I glanced at the sorceress one more time before I left. Her eyes were still fixed on me; this time, I was reminded of a cat, patiently stalking its prey. I bowed to her slightly—Ligeia, I thought, that must be her name—and left.
I caught a glimpse of Kyros’s wife in the inner courtyard as I passed. She seldom went out beyond its walls, and almost never left Kyros’s compound. She had never liked me, and I generally tried to avoid her. She looked up as I passed, and quickly turned away. As usual, my very presence seemed to irritate her, and I quickly headed for my room.
I had a comfortable room in one of the towers in Kyros’s compound, with two windows, a soft chair, a softer bed, and a writing desk. I fetched down my journal—a leather-bound book of expensive blank paper—and my pen and ink. I jotted down the day’s events quickly, noting that Myron had come along, but that I’d found Alibek by myself.

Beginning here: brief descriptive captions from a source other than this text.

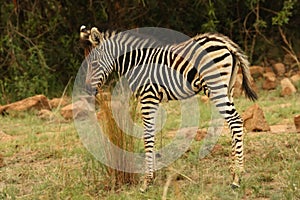 A young Burchells Zebra baby  Equus quagga burchelli staying in dry grass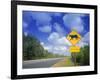 Road Sign of Animal Crossing, FL-Peter Adams-Framed Photographic Print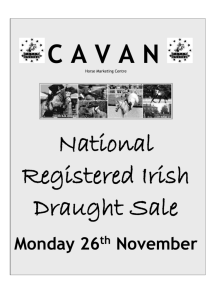 Stable No - Cavan Equestrian and Horse Marketing Centre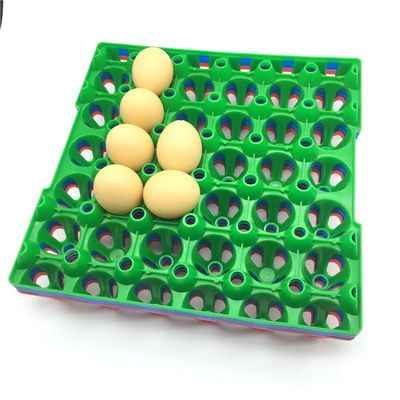 bandeja quadrada plástica empilhável do ajuste do ovo da incubadora do suporte 152mm do ovo 9pcs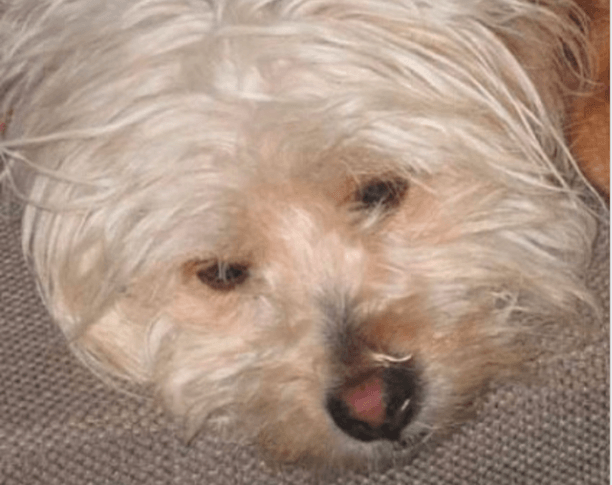 Χάθηκε θηλυκός σκύλος στον Βόλο Μαγνησίας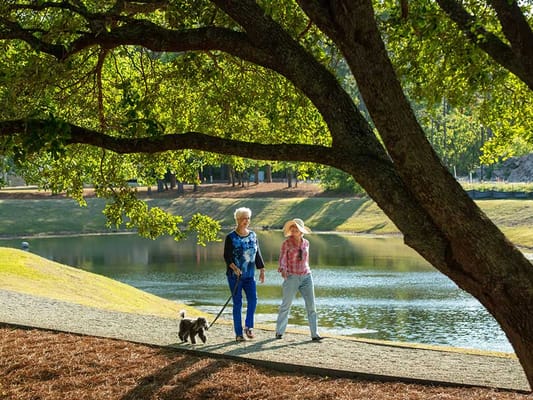 The Commons At Brightmore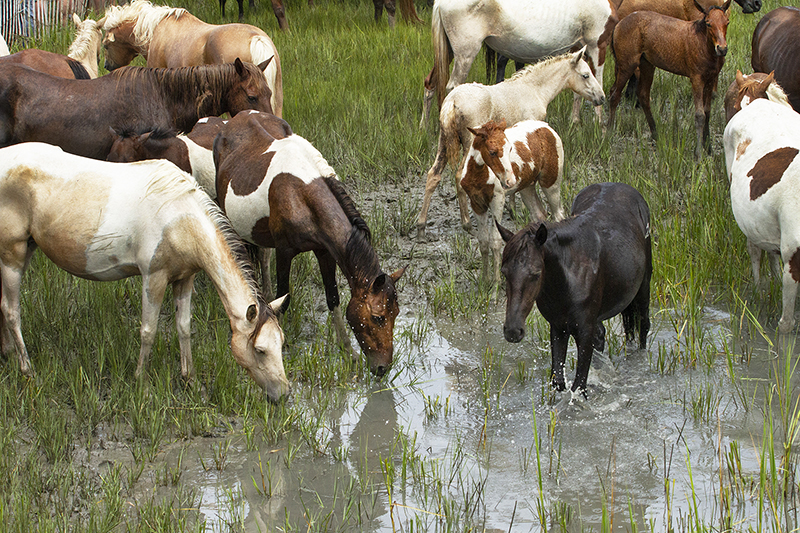 Chincoteague Wild Ponies : Richard Moore : Photographer : Photojournalist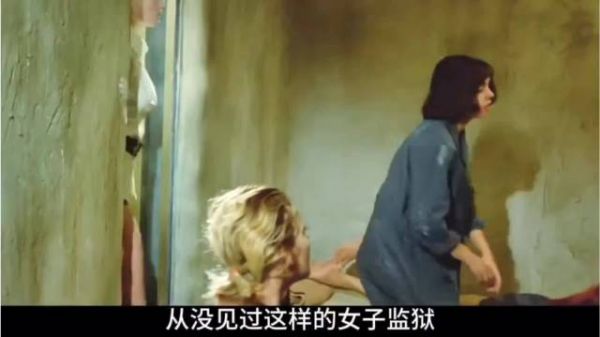 女子监狱设荒岛，男狱警主动加班不想回家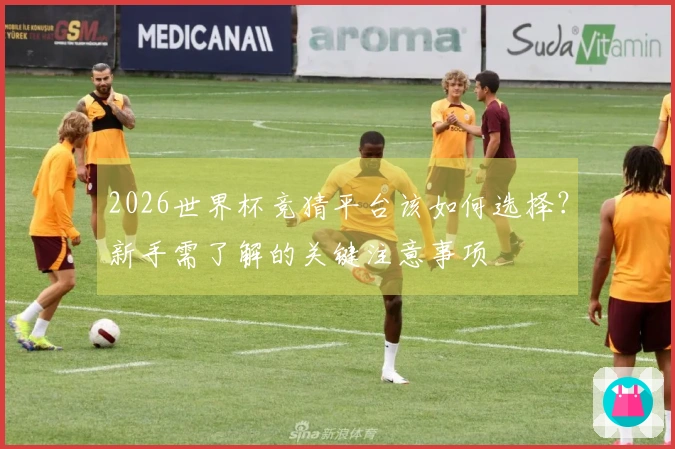 2026世界杯竞猜平台该如何选择？新手需了解的关键注意事项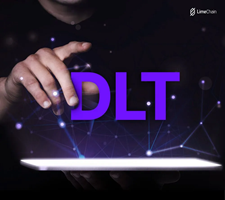 LimeChain Proyecto - Desarrollo de hashport, una nueva solución de interoperabilidad para Web3 basada en Hedera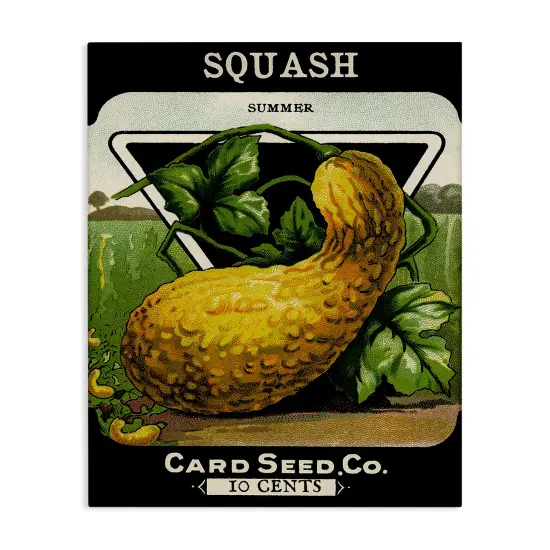 Stupell Industries Vintage Gardening Squash Canvas By Lil' Rue {1}
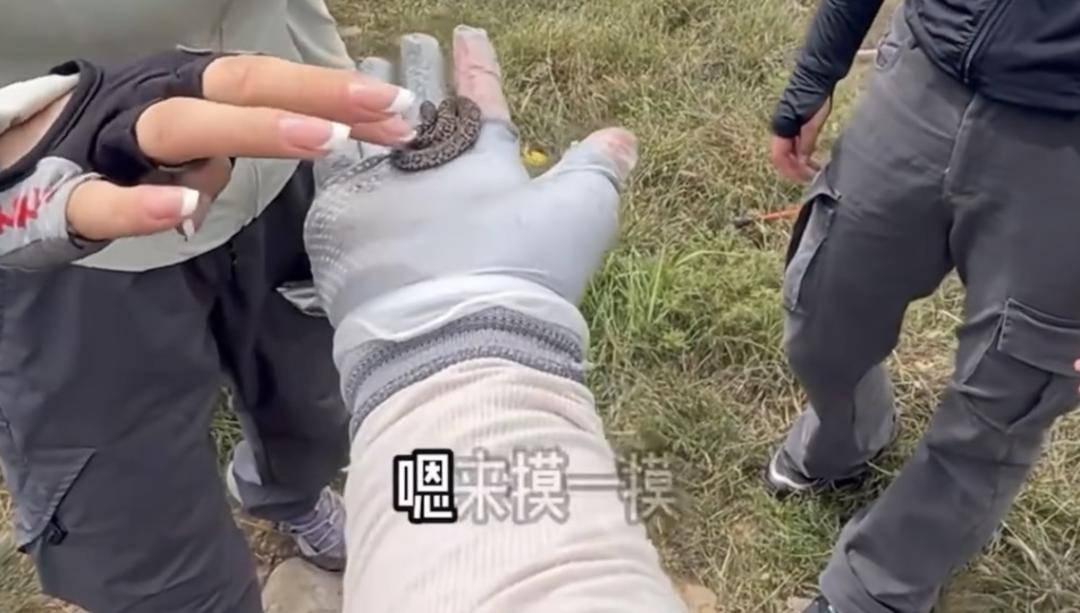 驴友爬山捡到小蛇后轮流抚摸 专家：是短尾蝮蛇，有剧毒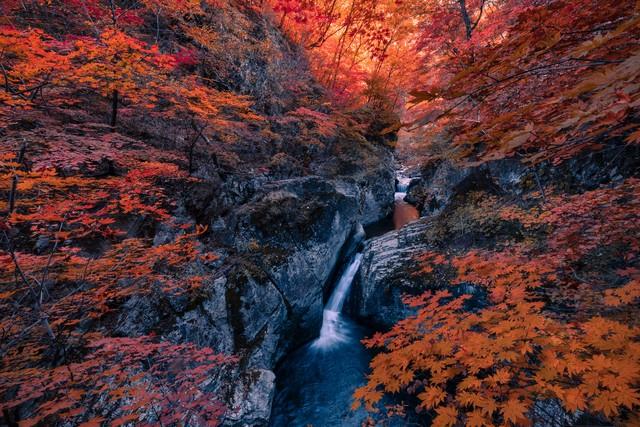 探秘地球瑰宝,喀拉峻大峡谷,感受自然奇观的魅力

Then I started to write about my next assignment and paused, realizing that I wouldn’t be able to take my journal with me. Normally I carried it along on trips. I spent little enough time in this room; as Kyros’s assistant, or his “spy,” I spent most of my time visiting garrisons. The usual justification was that I was carrying a message too sensitive to be trusted to an aeriko. An aeriko couldn’t give you its opinion of a garrison’s morale, the commander’s relationship with his officers, and so on. An aeriko also couldn’t audit the books, privately question the second-in-command, smell the commander’s breath for alcohol, or peek into the shrine to Athena to make sure it hadn’t become a shrine to Arachne (as had happened in one particularly bizarre instance at one very isolated garrison).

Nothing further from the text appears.